A successful stream always looks like:

metadata (first event) — the run is starting. Payload: {"run_id", "thread_id", "run": <RunModel>}.
Zero or more data events — the graph's output, in a shape determined by the requested stream_mode (see below).
end (terminal, on success) — {"run_id", "status": "success", "usage": {"total_tokens": <int>}}. The total is measured per run by a usage callback attached to the run's config (see Token usage).

If the graph raises, the terminal event is instead:

error — {"detail": "<message>", "run_id": "..."}.

If the client disconnects mid-stream, the run is marked interrupted.

Stream modes¶

The stream_mode field on the run request (a single mode or a list) selects how graph output is emitted. skeino dispatches three ways:

values (default)eventsother modes

Incremental value streaming. skeino subscribes to both LangGraph's messages and values streams and emits values events whose messages list grows token-by-token as agent nodes produce output. This is what powers live "typing" UIs.

Only nodes you declare as agent nodes (SkeinoSettings.agent_nodes) contribute streamed message chunks.
If you configure a status_field, new entries appended to that state-list field are emitted as separate status events ({"message": "..."}), useful for surfacing pipeline progress.

Passes LangGraph's astream_events (v2) output straight through as events events — the full event firehose, serialized as-is.

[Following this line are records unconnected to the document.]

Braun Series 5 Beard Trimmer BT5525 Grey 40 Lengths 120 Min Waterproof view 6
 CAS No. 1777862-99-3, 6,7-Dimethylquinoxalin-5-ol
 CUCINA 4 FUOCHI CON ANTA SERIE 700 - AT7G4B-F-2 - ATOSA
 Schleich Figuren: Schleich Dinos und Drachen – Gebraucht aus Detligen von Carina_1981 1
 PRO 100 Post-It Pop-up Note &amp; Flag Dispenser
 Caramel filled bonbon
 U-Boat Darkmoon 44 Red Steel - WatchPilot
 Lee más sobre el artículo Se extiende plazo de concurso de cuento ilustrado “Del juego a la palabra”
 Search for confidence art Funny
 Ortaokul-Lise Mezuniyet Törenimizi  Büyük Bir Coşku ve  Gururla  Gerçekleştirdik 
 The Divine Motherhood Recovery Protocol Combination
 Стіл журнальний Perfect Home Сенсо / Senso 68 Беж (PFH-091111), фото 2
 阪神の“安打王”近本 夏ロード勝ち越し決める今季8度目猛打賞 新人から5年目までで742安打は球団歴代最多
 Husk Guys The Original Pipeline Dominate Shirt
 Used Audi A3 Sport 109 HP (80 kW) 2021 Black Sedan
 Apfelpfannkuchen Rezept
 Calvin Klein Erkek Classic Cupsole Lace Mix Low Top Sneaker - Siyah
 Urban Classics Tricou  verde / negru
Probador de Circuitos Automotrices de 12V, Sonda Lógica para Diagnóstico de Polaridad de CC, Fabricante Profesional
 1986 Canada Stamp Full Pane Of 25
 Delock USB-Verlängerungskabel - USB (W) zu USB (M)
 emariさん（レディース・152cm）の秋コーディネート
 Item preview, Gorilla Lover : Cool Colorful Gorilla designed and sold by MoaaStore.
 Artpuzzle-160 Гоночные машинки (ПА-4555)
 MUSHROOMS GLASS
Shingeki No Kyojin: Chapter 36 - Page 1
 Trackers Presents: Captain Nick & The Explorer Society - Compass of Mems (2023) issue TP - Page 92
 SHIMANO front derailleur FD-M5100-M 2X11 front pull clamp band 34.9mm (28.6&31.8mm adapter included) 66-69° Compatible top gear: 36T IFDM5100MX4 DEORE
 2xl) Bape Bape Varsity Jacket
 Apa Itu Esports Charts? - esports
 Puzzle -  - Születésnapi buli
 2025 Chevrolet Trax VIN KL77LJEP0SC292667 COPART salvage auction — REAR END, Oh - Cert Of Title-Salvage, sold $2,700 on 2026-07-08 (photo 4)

updates, messages, messages-tuple, tasks, checkpoints, debug, custom — skeino calls graph.astream(stream_mode=...) and forwards each chunk under an event name matching the mode.

The recognised modes are values, messages, messages-tuple, tasks, checkpoints, updates, events, debug, and custom.

Output filtering¶

If your graph declares an output_schema, skeino only emits the fields that schema declares, so internal state never leaks onto the wire.

Resilience¶

Streaming runs are hardened against transient backend failures:

Retry with backoff. If the graph stream fails before any event has been delivered with a retriable error (timeouts, SSL/connection/syscall errors, "could not receive data from server"), skeino retries with exponential backoff — up to a small number of attempts.
No replay after delivery. Once any event has reached the client, skeino does not retry — retrying would duplicate already-streamed output. The error surfaces instead.
Permanent errors fail fast. Programming errors (ValueError, KeyError, …) are never retried.
Disconnect handling. A client disconnect (CancelledError) marks the run interrupted and releases the thread lock in a finally block, so a dropped connection never wedges the thread.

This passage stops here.